WENO5 Scheme (Component-wise application to vectors). More...

#include <basic.h>
#include <basic_gpu.h>
#include <arrayfunctions_gpu.h>
#include <mathfunctions.h>
#include <interpolation.h>
#include <mpivars.h>
#include <hypar.h>

Macros
#define	_MINIMUM_GHOSTS_ 3

Functions
__global__ void	Interp1PrimFifthOrderWENO_kernel (int npoints_grid, int npoints_local_wghosts, int ndims, int dir, int ghosts, int nvars, int weno_size, int offset, int stride, int upw, int uflag, const int dim, const double fC, const double w1, const double w2, const double w3, double fI)

int	gpuInterp1PrimFifthOrderWENO (double fI, double fC, double u, double x, int upw, int dir, void s, void m, int uflag)
	5th order WENO reconstruction (component-wise) on a uniform grid More...

Detailed Description

WENO5 Scheme (Component-wise application to vectors).

Author: Youngdae Kim

Definition in file Interp1PrimFifthOrderWENO_GPU.cu.

Macro Definition Documentation

#define _MINIMUM_GHOSTS_ 3

Minimum number of ghost points required for this interpolation method.

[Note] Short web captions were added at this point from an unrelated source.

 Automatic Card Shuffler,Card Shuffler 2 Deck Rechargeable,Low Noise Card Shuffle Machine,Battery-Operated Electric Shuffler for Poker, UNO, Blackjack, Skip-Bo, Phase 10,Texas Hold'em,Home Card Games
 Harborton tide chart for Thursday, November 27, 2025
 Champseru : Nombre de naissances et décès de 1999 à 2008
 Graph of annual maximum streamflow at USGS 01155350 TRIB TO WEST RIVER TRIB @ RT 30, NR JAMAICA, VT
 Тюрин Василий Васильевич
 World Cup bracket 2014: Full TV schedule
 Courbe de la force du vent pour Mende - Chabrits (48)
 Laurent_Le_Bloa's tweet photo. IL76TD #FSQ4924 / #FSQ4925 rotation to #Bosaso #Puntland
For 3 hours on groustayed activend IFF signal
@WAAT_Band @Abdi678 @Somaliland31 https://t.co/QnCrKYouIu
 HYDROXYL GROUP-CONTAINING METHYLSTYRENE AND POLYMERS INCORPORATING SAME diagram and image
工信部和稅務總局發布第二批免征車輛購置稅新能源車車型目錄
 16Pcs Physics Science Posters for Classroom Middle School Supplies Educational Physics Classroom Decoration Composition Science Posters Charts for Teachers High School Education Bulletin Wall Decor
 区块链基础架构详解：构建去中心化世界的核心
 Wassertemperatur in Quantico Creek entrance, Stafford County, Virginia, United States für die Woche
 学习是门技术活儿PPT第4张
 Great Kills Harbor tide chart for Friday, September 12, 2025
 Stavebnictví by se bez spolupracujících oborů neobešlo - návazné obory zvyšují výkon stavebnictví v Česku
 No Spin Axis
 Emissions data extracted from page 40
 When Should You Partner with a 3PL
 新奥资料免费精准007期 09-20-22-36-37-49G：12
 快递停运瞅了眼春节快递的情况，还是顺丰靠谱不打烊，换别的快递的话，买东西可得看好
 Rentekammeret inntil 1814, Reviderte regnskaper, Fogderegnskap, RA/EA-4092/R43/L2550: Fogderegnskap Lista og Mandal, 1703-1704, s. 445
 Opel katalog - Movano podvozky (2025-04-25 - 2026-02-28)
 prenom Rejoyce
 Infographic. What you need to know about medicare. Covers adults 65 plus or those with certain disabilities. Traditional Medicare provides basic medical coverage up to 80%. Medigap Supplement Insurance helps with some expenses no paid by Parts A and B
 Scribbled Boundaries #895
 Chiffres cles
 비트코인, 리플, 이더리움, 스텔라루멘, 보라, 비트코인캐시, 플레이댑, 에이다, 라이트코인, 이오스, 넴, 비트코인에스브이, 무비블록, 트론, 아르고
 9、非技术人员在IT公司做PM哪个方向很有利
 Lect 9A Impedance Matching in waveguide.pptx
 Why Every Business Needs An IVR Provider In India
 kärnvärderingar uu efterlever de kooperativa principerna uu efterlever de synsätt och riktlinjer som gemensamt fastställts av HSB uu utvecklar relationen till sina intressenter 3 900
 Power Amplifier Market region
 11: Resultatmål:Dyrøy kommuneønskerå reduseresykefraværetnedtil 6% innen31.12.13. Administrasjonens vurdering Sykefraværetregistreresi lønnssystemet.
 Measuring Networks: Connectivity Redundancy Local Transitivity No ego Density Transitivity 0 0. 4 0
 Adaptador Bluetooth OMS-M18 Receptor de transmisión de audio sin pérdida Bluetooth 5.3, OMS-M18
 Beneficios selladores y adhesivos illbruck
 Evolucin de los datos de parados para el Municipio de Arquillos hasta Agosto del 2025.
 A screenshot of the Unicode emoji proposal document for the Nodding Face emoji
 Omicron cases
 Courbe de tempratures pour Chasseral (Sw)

Definition at line 19 of file Interp1PrimFifthOrderWENO_GPU.cu.

Function Documentation

__global__ void Interp1PrimFifthOrderWENO_kernel	(	int	npoints_grid,
		int	npoints_local_wghosts,
		int	ndims,
		int	dir,
		int	ghosts,
		int	nvars,
		int	weno_size,
		int	offset,
		int	stride,
		int	upw,
		int	uflag,
		const int *	dim,
		const double *	fC,
		const double *	w1,
		const double *	w2,
		const double *	w3,
		double *	fI
	)

Kernel for gpuInterp1PrimFifthOrderWENO()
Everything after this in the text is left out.